Avoiding the Ukraine problem also paradoxically waters down the global development agenda that India claims to want to champion. Jaishankar mentioned the costs of fuel, food, and fertilizer at the G-20 briefing, which are “very damaging for us.” But he made no mention of the invasion that caused these problems in the first place. India’s reluctance to engage with the Ukraine issue was made even starker this week by the fact that Jaishankar met his Chinese counterpart to register his protest over Chinese incursions across the Himalayas.


The challenge for India at the G-20 is to find ways to talk about Ukraine responsibly. For months, Indian Prime Minister Narendra Modi has been trying to use his country’s presidency of the G-20 as a means to establish his credentials as a global statesman. But that demands a more proactive approach toward the war in Ukraine. If India does not find a way to steer the debate over Ukraine at the G-20, it will likely find its presidency rendered irrelevant in the larger scheme of things.

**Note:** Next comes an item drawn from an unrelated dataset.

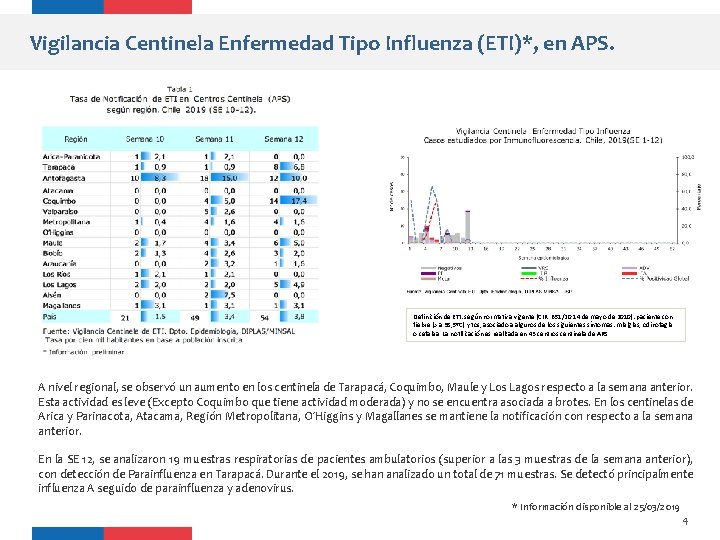 Vigilancia Centinela Enfermedad Tipo Influenza (ETI)*, en APS. Definición de ETI: según normativa vigente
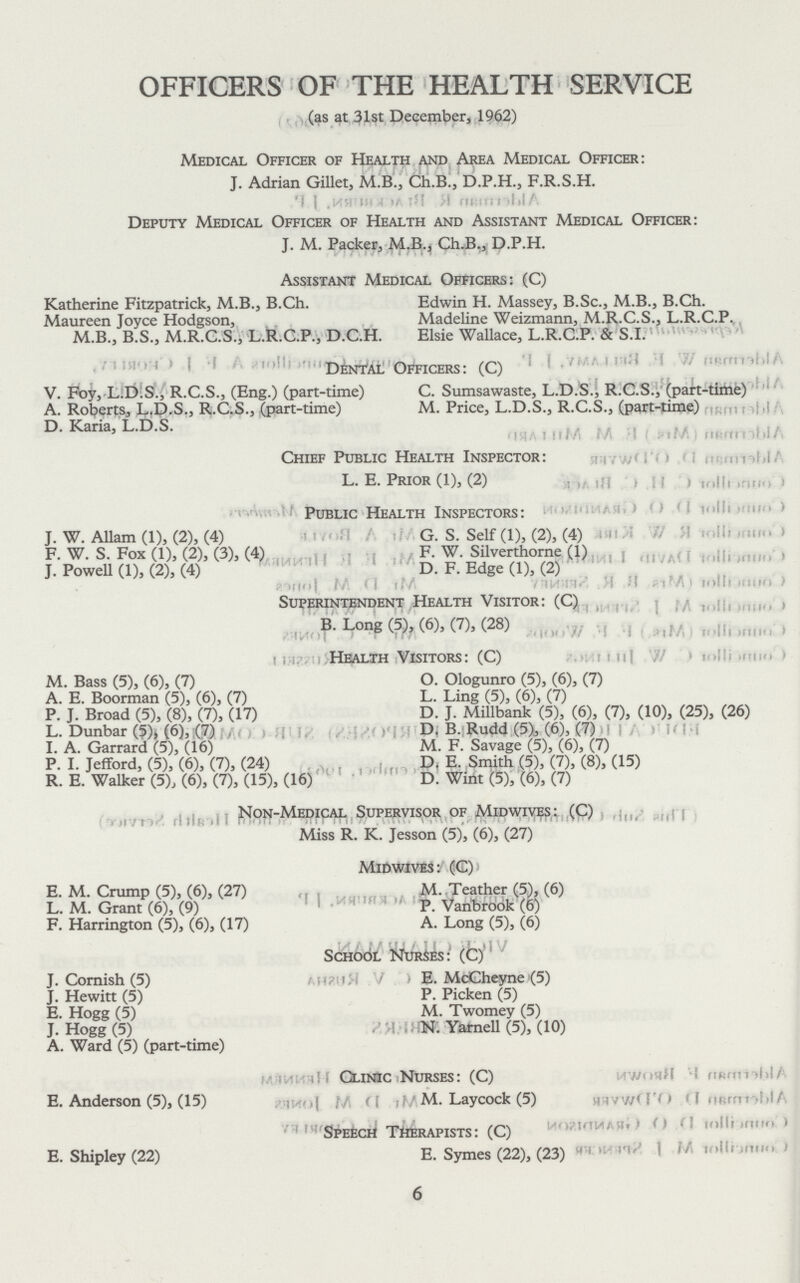 OFFICERS OF THE HEALTH SERVICE (as at 31st December, 1962) Medical Officer of Health and Area Medical Officer: J. Adrian Gillet, M.B., Ch.B., D.P.H., F.R.S.H. Deputy Medical Officer of Health and Assistant Medical Officer: J. M. Packer, M.B., Ch.B., D.P.H. Assistant Medical Officers: (C) Katherine Fitzpatrick, M.B., B.Ch. Edwin H. Massey, B.Sc., M.B., B.Ch. Maureen Joyce Hodgson, Madeline Weizmann, M.R.C.S., L.R.C.P. M.B., B.S., M.R.C.S., L.R.C.P., D.C.H. Elsie Wallace, L.R.C.P. & S.I. Dental Officers: (C) V. Foy, L.D.S., R.C.S., (Eng.) (part-time) C. Sumsawaste, L.D.S., R.C.S., (part-timfe) A. Roberts, L.D.S., R.C.S., (part-time) M. Price, L.D.S., R.C.S., (part-time) D. Karia, L.D.S. Chief Public Health Inspector: L. E. Prior (1), (2) Public Health Inspectors: J. W. Allam (1), (2), (4) G. S. Self (1), (2), (4) F. W. S. Fox (1), (2), (3), (4) F. W. Silverthorne (1) J. Powell (1), (2), (4) D. F. Edge (1), (2) Superintendent Health Visitor: (C) Health Visitors: (C) M. Bass (5), (6), (7) O. Ologunro (5), (6), (7) A. E. Boorman (5), (6), (7) L. Ling (5), (6), (7) P. J. Broad (5), (8), (7), (17) D. J. Millbank (5), (6), (7), (10), (25), (26) L. Dunbar (5) (6), (7) D. B. Rudd (5), (6), (7) I. A. Garrard (5), (16) M. F. Savage (5), (6), (7) P. I. Jefford, (5), (6), (7), (24) D. E. Smith (5), (7), (8), (15) R. E. Walker (5)j (6), (7), (15), (16) D. Wint (5), (6), (7) Non-Medical Supervisor of Midwives: (C) Miss R. K. Jesson (5), (6), (27) Midwives: (C) E. M. Crump (5), (6), (27) M./leather (5), (6) L. M. Grant (6), (9) P. Varibrook (6) F. Harrington (5), (6), (17) A. Long (5), (6) Scho6l Nurses: (C) J. Cornish (5) E. McGheyne (5) J. Hewitt (5) P. Picken (5) E. Hogg (5) M. Twomey (5) J. Hogg (5) N. Yarnell (5), (10) A. Ward (5) (part-time) Clinic Nurses: (C) E. Anderson (5), (15) M. Laycock (5) Speech Thrapists: (c) E. Shipley (22) E. Symes (22), (23) 6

If the West is anxious about winning support from the developing world, it ought to lend its ear more eagerly to their problems. The war in Ukraine is as much an economic crisis as it is a geopolitical one. The G-20 needs to recognize the fact that the Ukraine conflict has far-reaching economic implications and needs to be addressed by all stakeholders, including developing countries. It is essential to find a way to move the conversation forward in a constructive manner, rather than letting it devolve into a contentious and unproductive dispute.